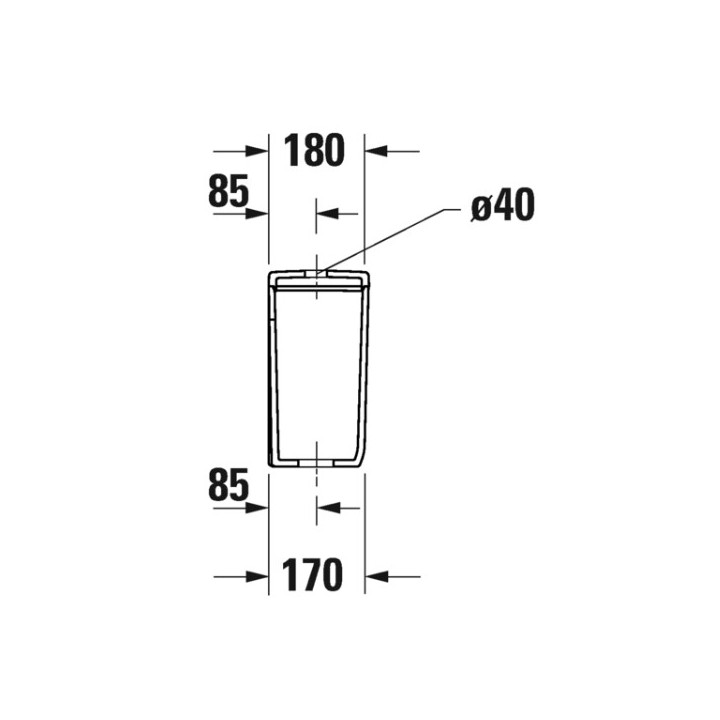 Spłuczka, 40x18cm, Duravit Qatego (HyG)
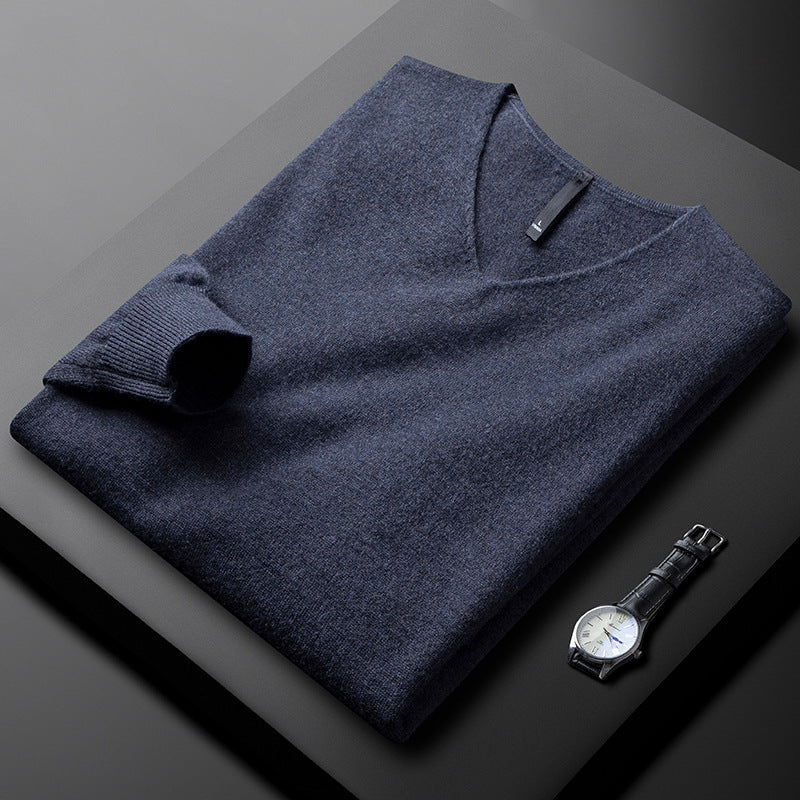 Herren Pullover | Getailleerd | V-Ausschnitt | Sommer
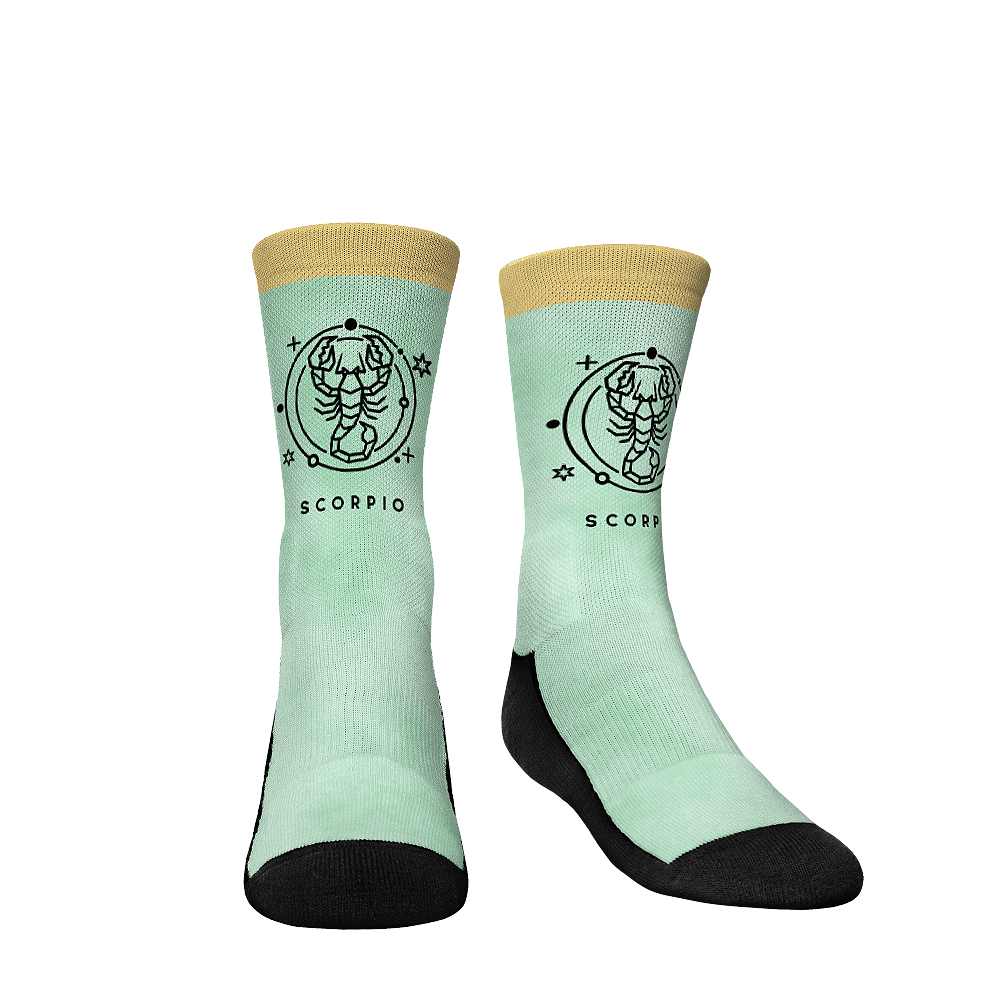 Horoscope Dye - Scorpio Crew Socks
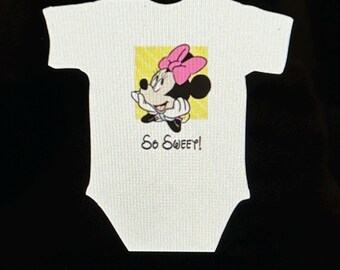Minnie Maus Gelb Säugling Body Disney Baby Strampelanzug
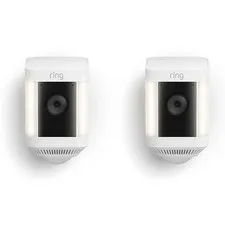 Ring Spotlight Cam Plus Camera Indoor/Outdoor Wireless Pack of 2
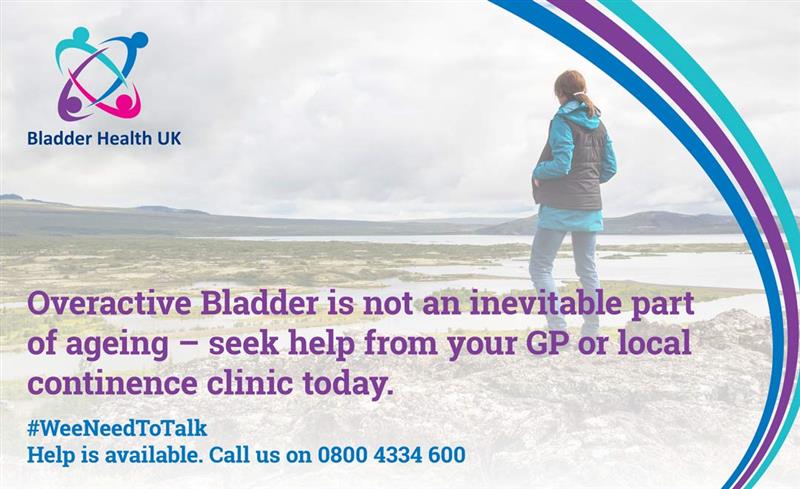 BladderHealthUK's tweet photo. All aspects of quality of life may be affected when suffering from an overactive bladder. We are here to support you, call us on 0800 4334 600. #WeeNeedToTalk https://t.co/fWogNO7S52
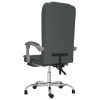 Massage Reclining Office Chair Dark Gray Fabric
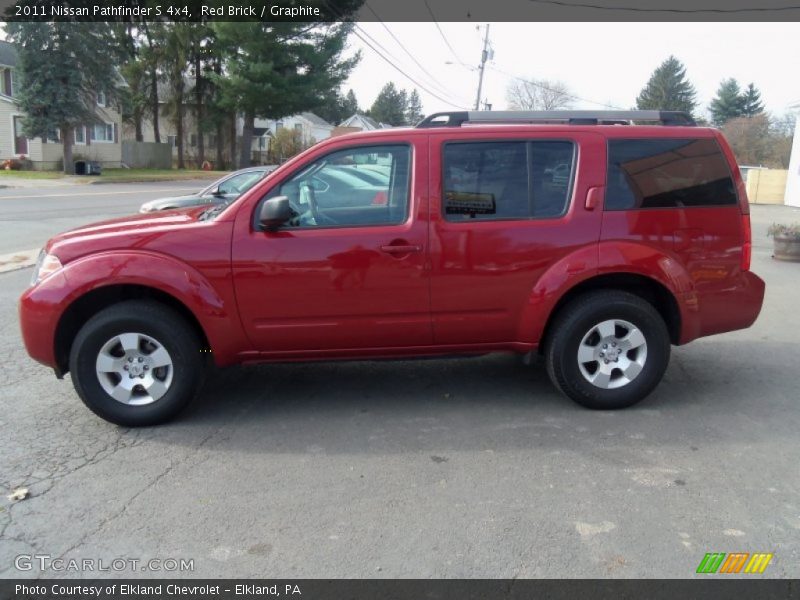 Red Brick / Graphite 2011 Nissan Pathfinder S 4x4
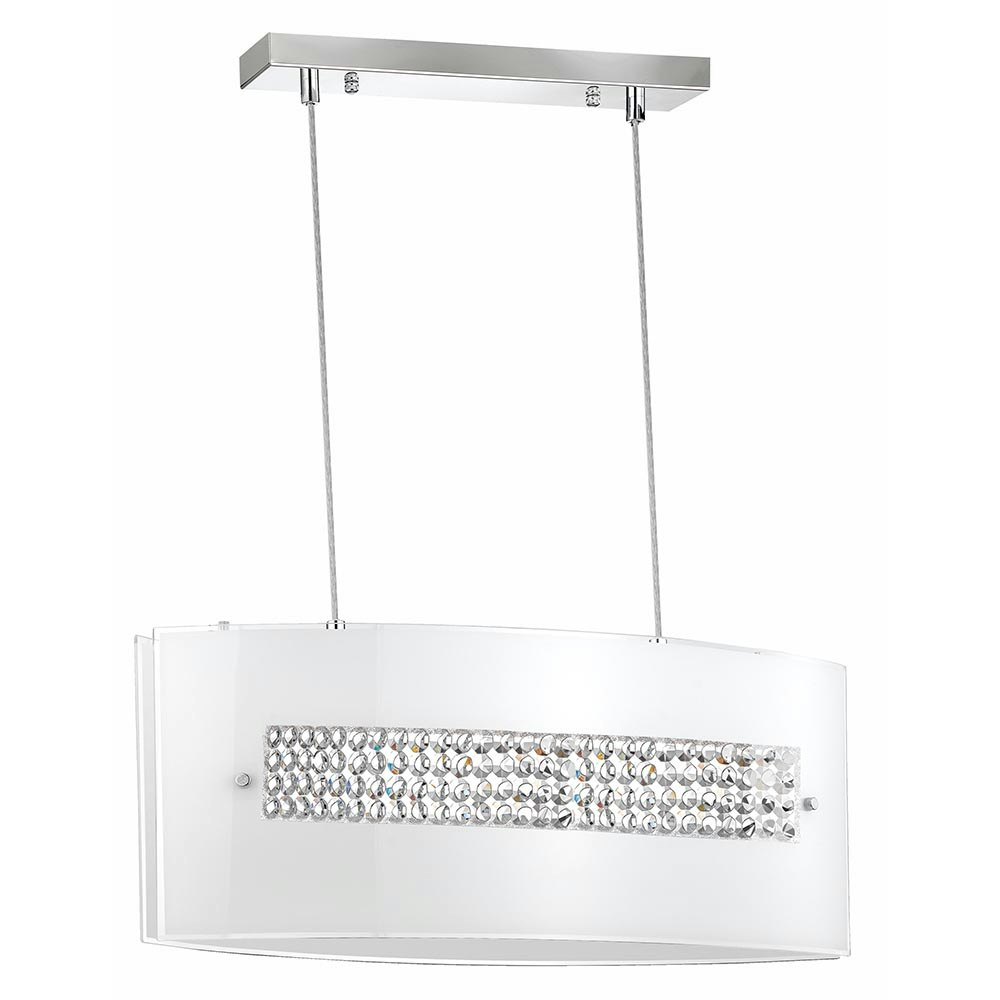 Nova Luce Thelta Pendant Lamp Crystal Chrome 1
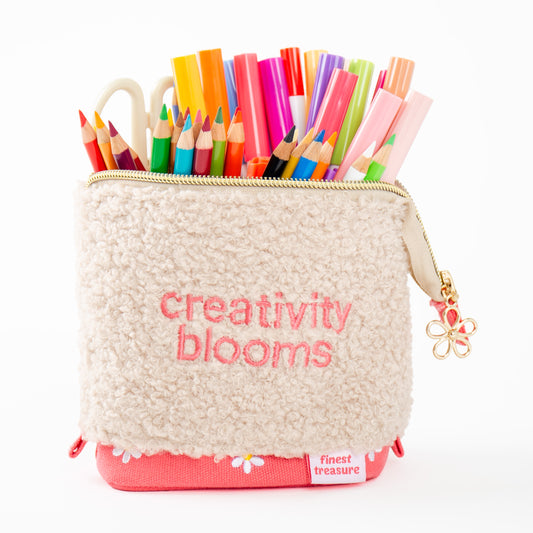 Pop-Up Etui Creativity Blooms Large - Roze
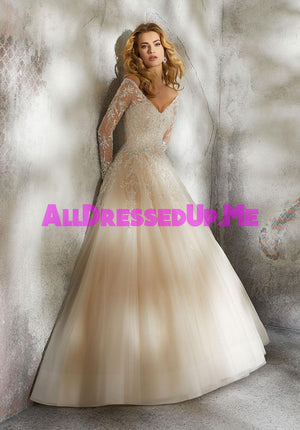 Morilee - Laurel - 8281 - Cheron's Bridal, Wedding Gown - Morilee Line - - Wedding Gowns Dresses Chattanooga Hixson Shops Boutiques Tennessee TN Georgia GA MSRP Lowest Prices Sale Discount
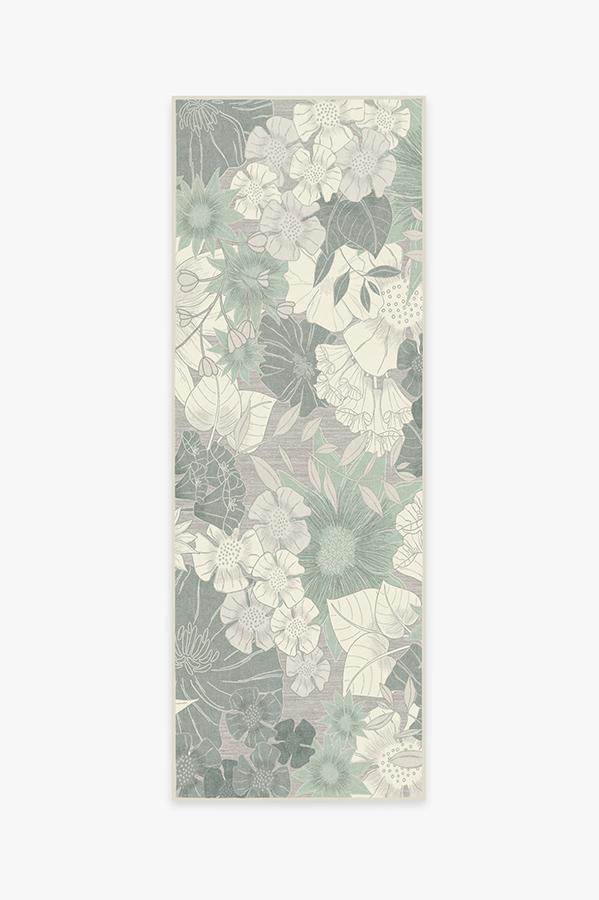 Nani Sage Rug 2.5'x10' | Stain-Resistant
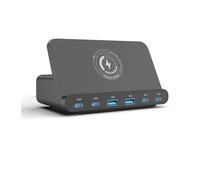 Supporto for caricabatterie wireless multiplo da 160 W PD 65 W USB Tipo C Stazione di ricarica for laptop 15 14 Pro Max,Distribuzione intelligente dell'energia
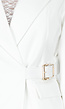 Witte Blazer met Gesp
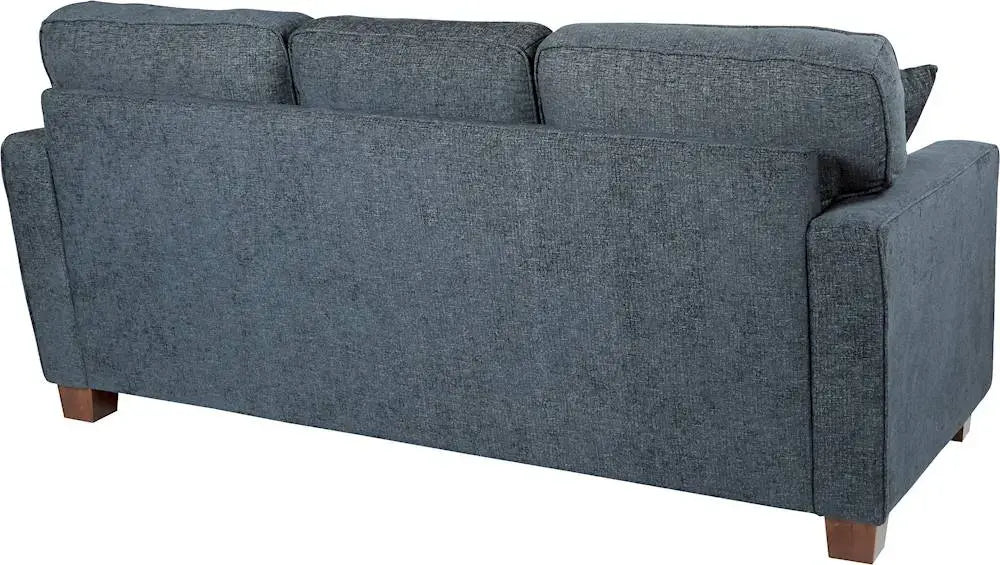OSP Home Furnishings - Russell L-Shape Sectional Sofa - Navy - open_box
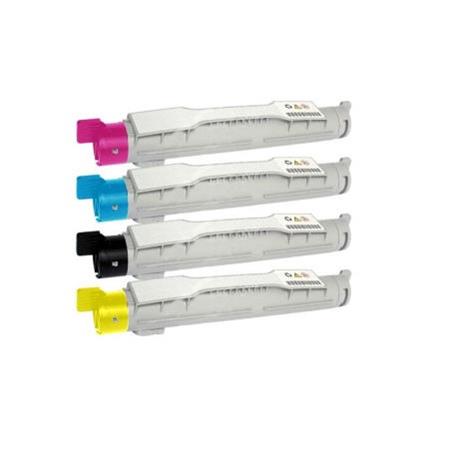 Compatible Multipack Epson Aculaser C3000N Printer Toner Cartridges (4 Pack) -C13S050213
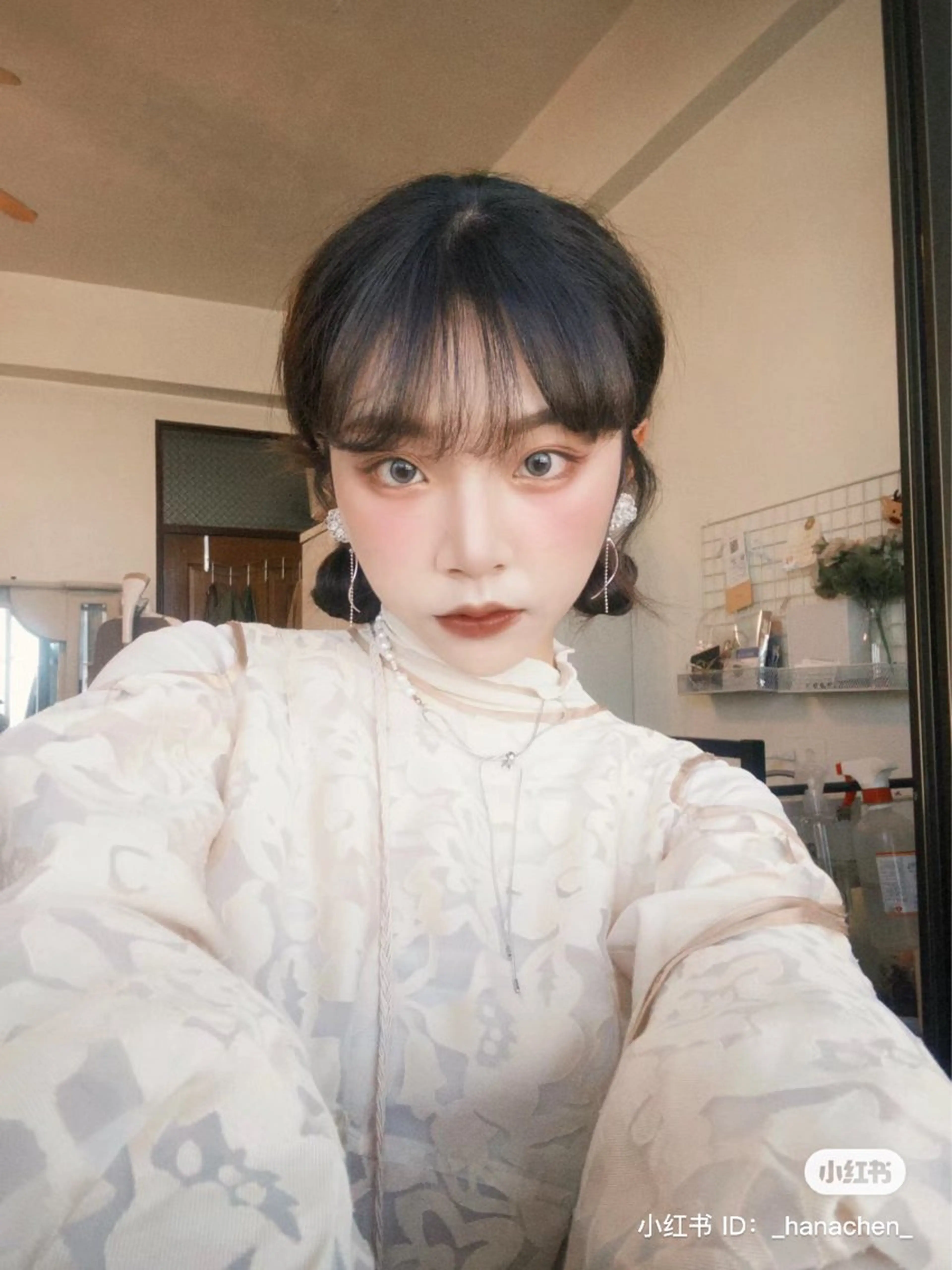 カラー 透明感ベージュ🤎 ナチュラルレイヤーのヘアスタイル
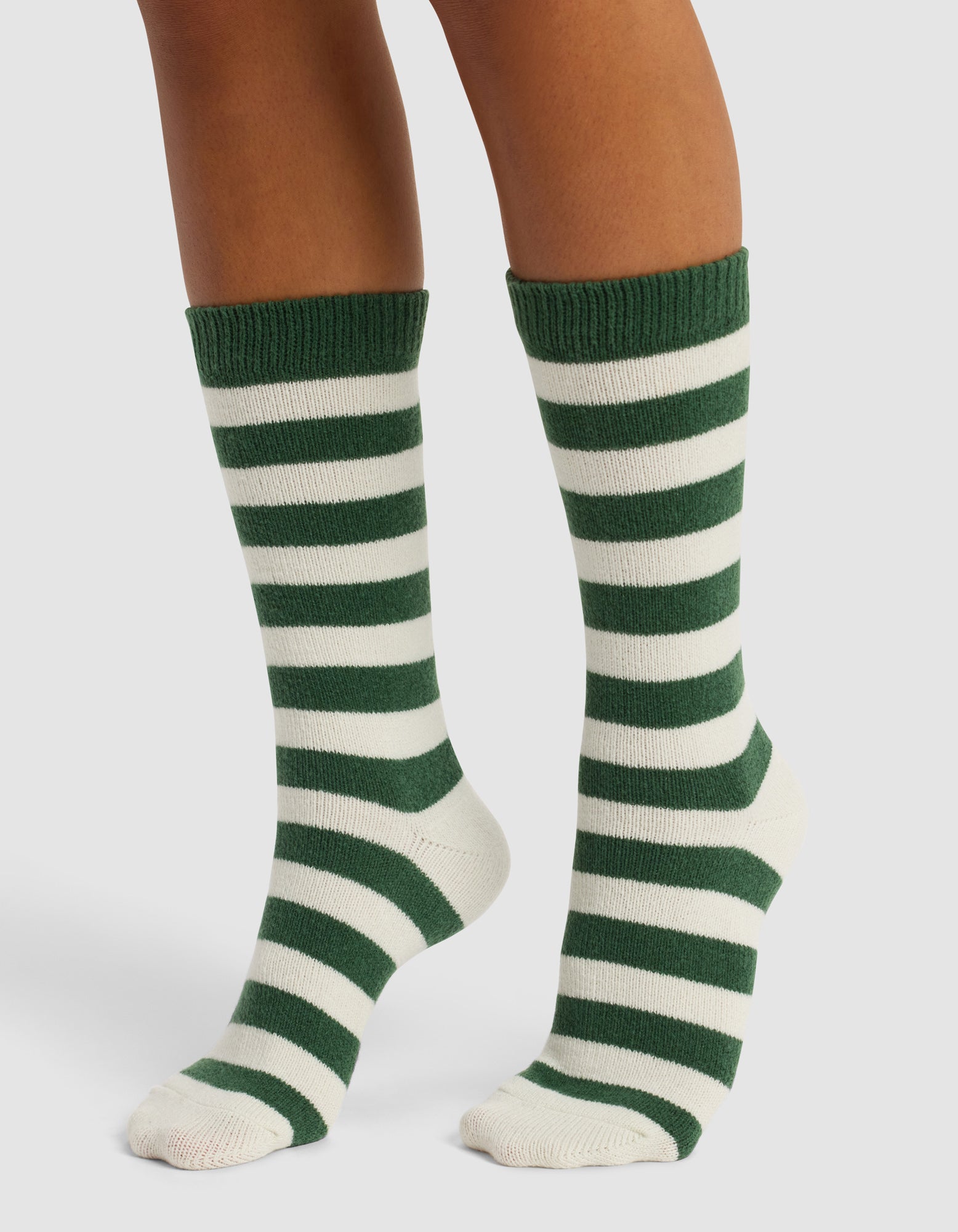 The_Striped_Plush_Lounge_Sock_Celadon_3.jpg The Striped Plush Lounge Sock - Image 1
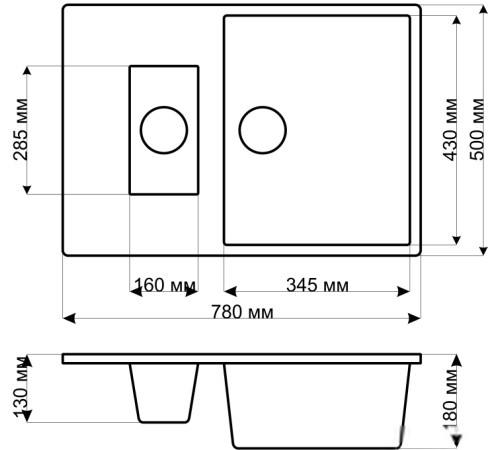 Кухонная мойка Gerhans C10 бежевый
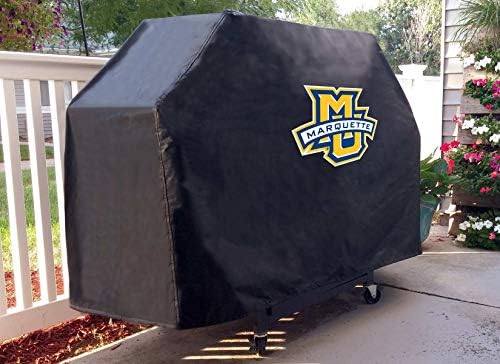 Marquette Golden Eagles HBS Black Outdoor Outdoor Hovery Duty Vinyl BBQ Grill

◆ ◆ ◆ ◆

Exact copy, no pictures. Write out the lines in the entries above, starting with the line with "Massage Reclining Office" and going on through the line with "Pop-Up Etui Creativity Blooms Large - Roze", keeping both.

> _Solution to this exercise_:
 Massage Reclining Office Chair Dark Gray Fabric
 Red Brick / Graphite 2011 Nissan Pathfinder S 4x4
 Nova Luce Thelta Pendant Lamp Crystal Chrome 1
 Pop-Up Etui Creativity Blooms Large - Roze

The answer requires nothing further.